*** Material to process ***

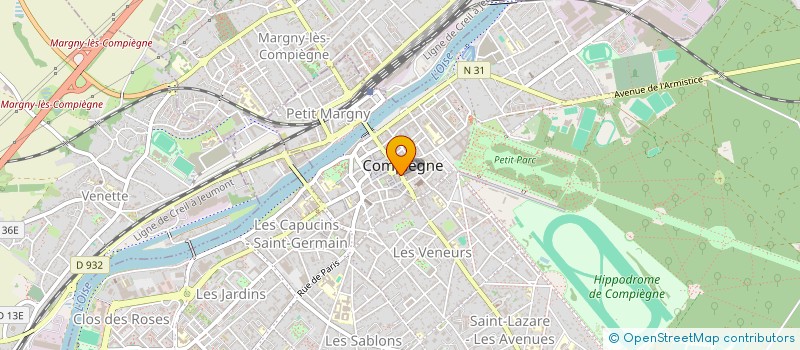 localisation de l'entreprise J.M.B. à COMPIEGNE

*** End of Material to process ***
*** Material to process ***

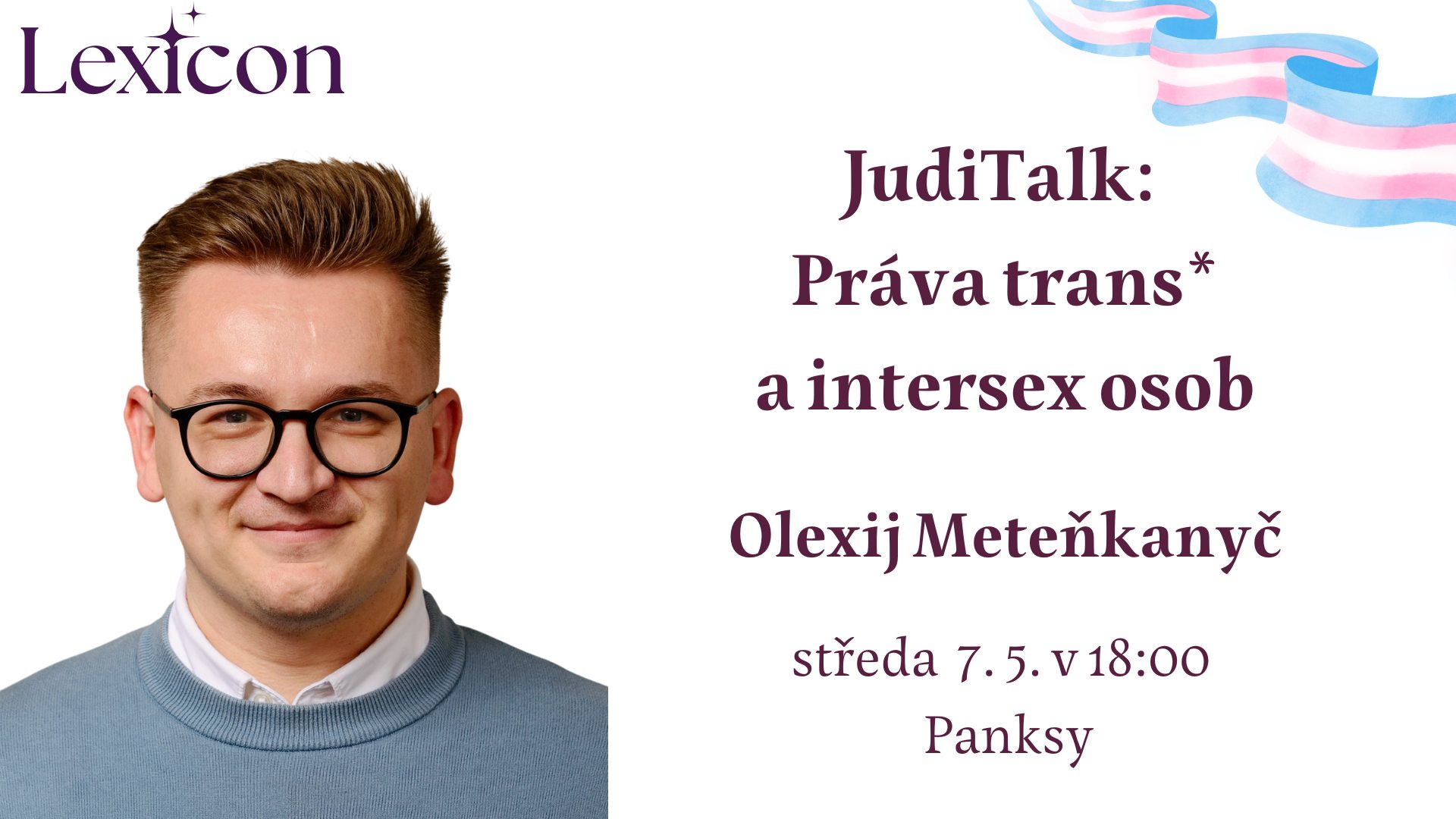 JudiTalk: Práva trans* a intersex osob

*** End of Material to process ***
*** Material to process ***

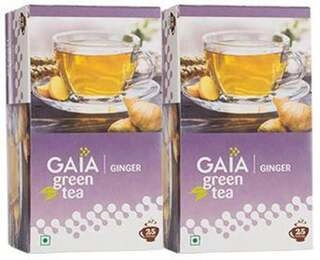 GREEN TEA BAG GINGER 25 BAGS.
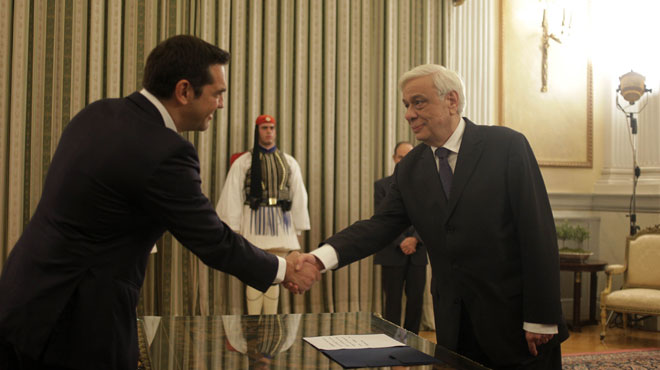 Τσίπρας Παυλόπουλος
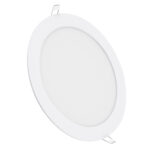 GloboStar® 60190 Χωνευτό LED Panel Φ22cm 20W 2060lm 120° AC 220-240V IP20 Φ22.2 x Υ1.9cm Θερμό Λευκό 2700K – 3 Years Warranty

*** End of Material to process ***

--- Your assignment ---
Copy nothing but the lines above that run from the one with "Τσίπρας Παυλόπουλος" to the one with "GloboStar® 60190 Χωνευτό", ends included; pictures stay out.

--- Solution to the problem ---
 Τσίπρας Παυλόπουλος
 GloboStar® 60190 Χωνευτό LED Panel Φ22cm 20W 2060lm 120° AC 220-240V IP20 Φ22.2 x Υ1.9cm Θερμό Λευκό 2700K – 3 Years Warranty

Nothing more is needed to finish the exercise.